Entries follow. Set all of them down as they stand.
[DATA SECTION — start]
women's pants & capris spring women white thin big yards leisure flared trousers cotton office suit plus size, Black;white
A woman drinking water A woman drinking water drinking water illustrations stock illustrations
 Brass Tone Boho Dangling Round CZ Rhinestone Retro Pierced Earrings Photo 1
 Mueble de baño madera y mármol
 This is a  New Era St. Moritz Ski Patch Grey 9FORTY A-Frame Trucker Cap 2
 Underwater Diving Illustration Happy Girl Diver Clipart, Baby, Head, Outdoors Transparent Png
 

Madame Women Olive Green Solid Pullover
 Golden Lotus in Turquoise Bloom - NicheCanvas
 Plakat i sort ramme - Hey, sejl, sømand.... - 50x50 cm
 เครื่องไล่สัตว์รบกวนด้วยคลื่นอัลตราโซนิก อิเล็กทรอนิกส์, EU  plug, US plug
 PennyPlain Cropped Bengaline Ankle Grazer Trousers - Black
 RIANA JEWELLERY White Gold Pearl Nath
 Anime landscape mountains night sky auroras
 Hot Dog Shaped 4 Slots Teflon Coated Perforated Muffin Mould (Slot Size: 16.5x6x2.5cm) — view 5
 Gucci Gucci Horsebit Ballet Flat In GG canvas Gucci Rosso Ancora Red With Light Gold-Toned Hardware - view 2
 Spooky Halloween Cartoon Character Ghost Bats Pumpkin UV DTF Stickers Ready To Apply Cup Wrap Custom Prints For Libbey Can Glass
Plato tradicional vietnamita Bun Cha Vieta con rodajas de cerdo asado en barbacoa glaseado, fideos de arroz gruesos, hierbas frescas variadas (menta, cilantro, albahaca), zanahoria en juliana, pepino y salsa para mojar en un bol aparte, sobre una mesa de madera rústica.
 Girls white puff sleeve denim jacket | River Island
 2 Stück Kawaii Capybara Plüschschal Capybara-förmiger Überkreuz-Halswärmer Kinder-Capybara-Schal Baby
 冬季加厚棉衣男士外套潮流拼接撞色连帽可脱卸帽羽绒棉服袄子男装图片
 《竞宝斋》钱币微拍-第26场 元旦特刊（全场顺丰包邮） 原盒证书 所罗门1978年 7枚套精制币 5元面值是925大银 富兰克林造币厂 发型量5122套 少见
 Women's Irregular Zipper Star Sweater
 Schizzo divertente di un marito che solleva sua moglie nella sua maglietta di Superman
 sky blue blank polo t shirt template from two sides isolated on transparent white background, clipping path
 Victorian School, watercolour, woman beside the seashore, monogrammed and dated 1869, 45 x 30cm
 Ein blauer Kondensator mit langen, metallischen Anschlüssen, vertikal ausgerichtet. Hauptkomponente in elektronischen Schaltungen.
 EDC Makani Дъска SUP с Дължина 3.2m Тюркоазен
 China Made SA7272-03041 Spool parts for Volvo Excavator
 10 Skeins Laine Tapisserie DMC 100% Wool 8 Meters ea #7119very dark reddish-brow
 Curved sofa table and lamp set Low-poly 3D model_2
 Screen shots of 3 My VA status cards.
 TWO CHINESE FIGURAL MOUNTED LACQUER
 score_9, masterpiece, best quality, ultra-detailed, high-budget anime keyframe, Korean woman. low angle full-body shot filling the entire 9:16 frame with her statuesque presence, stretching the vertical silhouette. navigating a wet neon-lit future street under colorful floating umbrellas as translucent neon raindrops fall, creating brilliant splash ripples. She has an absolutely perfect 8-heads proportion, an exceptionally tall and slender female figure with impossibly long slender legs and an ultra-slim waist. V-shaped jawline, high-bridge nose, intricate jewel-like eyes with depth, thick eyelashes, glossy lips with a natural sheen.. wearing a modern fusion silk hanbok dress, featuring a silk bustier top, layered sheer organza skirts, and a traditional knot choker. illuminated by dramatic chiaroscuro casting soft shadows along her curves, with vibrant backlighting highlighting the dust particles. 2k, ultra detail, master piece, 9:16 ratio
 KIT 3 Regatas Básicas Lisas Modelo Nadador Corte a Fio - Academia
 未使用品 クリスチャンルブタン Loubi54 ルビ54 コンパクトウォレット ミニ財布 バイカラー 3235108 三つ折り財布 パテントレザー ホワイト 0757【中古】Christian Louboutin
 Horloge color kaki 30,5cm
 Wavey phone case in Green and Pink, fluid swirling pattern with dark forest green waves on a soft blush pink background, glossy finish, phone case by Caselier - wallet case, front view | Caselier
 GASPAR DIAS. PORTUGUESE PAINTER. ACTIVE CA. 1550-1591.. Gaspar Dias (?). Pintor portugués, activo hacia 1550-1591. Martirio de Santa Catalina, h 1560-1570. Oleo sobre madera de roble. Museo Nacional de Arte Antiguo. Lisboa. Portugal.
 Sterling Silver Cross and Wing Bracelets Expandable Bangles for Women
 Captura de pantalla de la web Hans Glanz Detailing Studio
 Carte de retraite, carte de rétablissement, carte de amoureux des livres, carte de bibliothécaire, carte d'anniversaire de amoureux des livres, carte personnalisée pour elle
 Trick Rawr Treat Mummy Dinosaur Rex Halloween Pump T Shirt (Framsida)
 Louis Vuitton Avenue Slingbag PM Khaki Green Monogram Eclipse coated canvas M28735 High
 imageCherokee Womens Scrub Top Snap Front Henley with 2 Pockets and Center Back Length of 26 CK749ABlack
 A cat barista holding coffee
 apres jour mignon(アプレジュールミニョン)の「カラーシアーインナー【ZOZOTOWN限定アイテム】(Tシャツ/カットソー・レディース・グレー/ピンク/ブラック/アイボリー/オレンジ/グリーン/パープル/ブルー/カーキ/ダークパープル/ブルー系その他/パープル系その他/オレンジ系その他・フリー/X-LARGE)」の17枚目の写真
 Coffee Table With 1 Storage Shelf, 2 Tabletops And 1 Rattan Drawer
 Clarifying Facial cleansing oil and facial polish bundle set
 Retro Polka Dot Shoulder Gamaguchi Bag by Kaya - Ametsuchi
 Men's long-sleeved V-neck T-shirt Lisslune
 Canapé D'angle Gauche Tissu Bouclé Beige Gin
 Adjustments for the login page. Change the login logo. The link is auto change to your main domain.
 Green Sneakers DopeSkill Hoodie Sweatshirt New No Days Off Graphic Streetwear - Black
[DATA SECTION — finish]
**RESULT OF THIS TASK**
women's pants & capris spring women white thin big yards leisure flared trousers cotton office suit plus size, Black;white
A woman drinking water A woman drinking water drinking water illustrations stock illustrations
 Brass Tone Boho Dangling Round CZ Rhinestone Retro Pierced Earrings Photo 1
 Mueble de baño madera y mármol
 This is a  New Era St. Moritz Ski Patch Grey 9FORTY A-Frame Trucker Cap 2
 Underwater Diving Illustration Happy Girl Diver Clipart, Baby, Head, Outdoors Transparent Png
 

Madame Women Olive Green Solid Pullover
 Golden Lotus in Turquoise Bloom - NicheCanvas
 Plakat i sort ramme - Hey, sejl, sømand.... - 50x50 cm
 เครื่องไล่สัตว์รบกวนด้วยคลื่นอัลตราโซนิก อิเล็กทรอนิกส์, EU  plug, US plug
 PennyPlain Cropped Bengaline Ankle Grazer Trousers - Black
 RIANA JEWELLERY White Gold Pearl Nath
 Anime landscape mountains night sky auroras
 Hot Dog Shaped 4 Slots Teflon Coated Perforated Muffin Mould (Slot Size: 16.5x6x2.5cm) — view 5
 Gucci Gucci Horsebit Ballet Flat In GG canvas Gucci Rosso Ancora Red With Light Gold-Toned Hardware - view 2
 Spooky Halloween Cartoon Character Ghost Bats Pumpkin UV DTF Stickers Ready To Apply Cup Wrap Custom Prints For Libbey Can Glass
Plato tradicional vietnamita Bun Cha Vieta con rodajas de cerdo asado en barbacoa glaseado, fideos de arroz gruesos, hierbas frescas variadas (menta, cilantro, albahaca), zanahoria en juliana, pepino y salsa para mojar en un bol aparte, sobre una mesa de madera rústica.
 Girls white puff sleeve denim jacket | River Island
 2 Stück Kawaii Capybara Plüschschal Capybara-förmiger Überkreuz-Halswärmer Kinder-Capybara-Schal Baby
 冬季加厚棉衣男士外套潮流拼接撞色连帽可脱卸帽羽绒棉服袄子男装图片
 《竞宝斋》钱币微拍-第26场 元旦特刊（全场顺丰包邮） 原盒证书 所罗门1978年 7枚套精制币 5元面值是925大银 富兰克林造币厂 发型量5122套 少见
 Women's Irregular Zipper Star Sweater
 Schizzo divertente di un marito che solleva sua moglie nella sua maglietta di Superman
 sky blue blank polo t shirt template from two sides isolated on transparent white background, clipping path
 Victorian School, watercolour, woman beside the seashore, monogrammed and dated 1869, 45 x 30cm
 Ein blauer Kondensator mit langen, metallischen Anschlüssen, vertikal ausgerichtet. Hauptkomponente in elektronischen Schaltungen.
 EDC Makani Дъска SUP с Дължина 3.2m Тюркоазен
 China Made SA7272-03041 Spool parts for Volvo Excavator
 10 Skeins Laine Tapisserie DMC 100% Wool 8 Meters ea #7119very dark reddish-brow
 Curved sofa table and lamp set Low-poly 3D model_2
 Screen shots of 3 My VA status cards.
 TWO CHINESE FIGURAL MOUNTED LACQUER
 score_9, masterpiece, best quality, ultra-detailed, high-budget anime keyframe, Korean woman. low angle full-body shot filling the entire 9:16 frame with her statuesque presence, stretching the vertical silhouette. navigating a wet neon-lit future street under colorful floating umbrellas as translucent neon raindrops fall, creating brilliant splash ripples. She has an absolutely perfect 8-heads proportion, an exceptionally tall and slender female figure with impossibly long slender legs and an ultra-slim waist. V-shaped jawline, high-bridge nose, intricate jewel-like eyes with depth, thick eyelashes, glossy lips with a natural sheen.. wearing a modern fusion silk hanbok dress, featuring a silk bustier top, layered sheer organza skirts, and a traditional knot choker. illuminated by dramatic chiaroscuro casting soft shadows along her curves, with vibrant backlighting highlighting the dust particles. 2k, ultra detail, master piece, 9:16 ratio
 KIT 3 Regatas Básicas Lisas Modelo Nadador Corte a Fio - Academia
 未使用品 クリスチャンルブタン Loubi54 ルビ54 コンパクトウォレット ミニ財布 バイカラー 3235108 三つ折り財布 パテントレザー ホワイト 0757【中古】Christian Louboutin
 Horloge color kaki 30,5cm
 Wavey phone case in Green and Pink, fluid swirling pattern with dark forest green waves on a soft blush pink background, glossy finish, phone case by Caselier - wallet case, front view | Caselier
 GASPAR DIAS. PORTUGUESE PAINTER. ACTIVE CA. 1550-1591.. Gaspar Dias (?). Pintor portugués, activo hacia 1550-1591. Martirio de Santa Catalina, h 1560-1570. Oleo sobre madera de roble. Museo Nacional de Arte Antiguo. Lisboa. Portugal.
 Sterling Silver Cross and Wing Bracelets Expandable Bangles for Women
 Captura de pantalla de la web Hans Glanz Detailing Studio
 Carte de retraite, carte de rétablissement, carte de amoureux des livres, carte de bibliothécaire, carte d'anniversaire de amoureux des livres, carte personnalisée pour elle
 Trick Rawr Treat Mummy Dinosaur Rex Halloween Pump T Shirt (Framsida)
 Louis Vuitton Avenue Slingbag PM Khaki Green Monogram Eclipse coated canvas M28735 High
 imageCherokee Womens Scrub Top Snap Front Henley with 2 Pockets and Center Back Length of 26 CK749ABlack
 A cat barista holding coffee
 apres jour mignon(アプレジュールミニョン)の「カラーシアーインナー【ZOZOTOWN限定アイテム】(Tシャツ/カットソー・レディース・グレー/ピンク/ブラック/アイボリー/オレンジ/グリーン/パープル/ブルー/カーキ/ダークパープル/ブルー系その他/パープル系その他/オレンジ系その他・フリー/X-LARGE)」の17枚目の写真
 Coffee Table With 1 Storage Shelf, 2 Tabletops And 1 Rattan Drawer
 Clarifying Facial cleansing oil and facial polish bundle set
 Retro Polka Dot Shoulder Gamaguchi Bag by Kaya - Ametsuchi
 Men's long-sleeved V-neck T-shirt Lisslune
 Canapé D'angle Gauche Tissu Bouclé Beige Gin
 Adjustments for the login page. Change the login logo. The link is auto change to your main domain.
 Green Sneakers DopeSkill Hoodie Sweatshirt New No Days Off Graphic Streetwear - Black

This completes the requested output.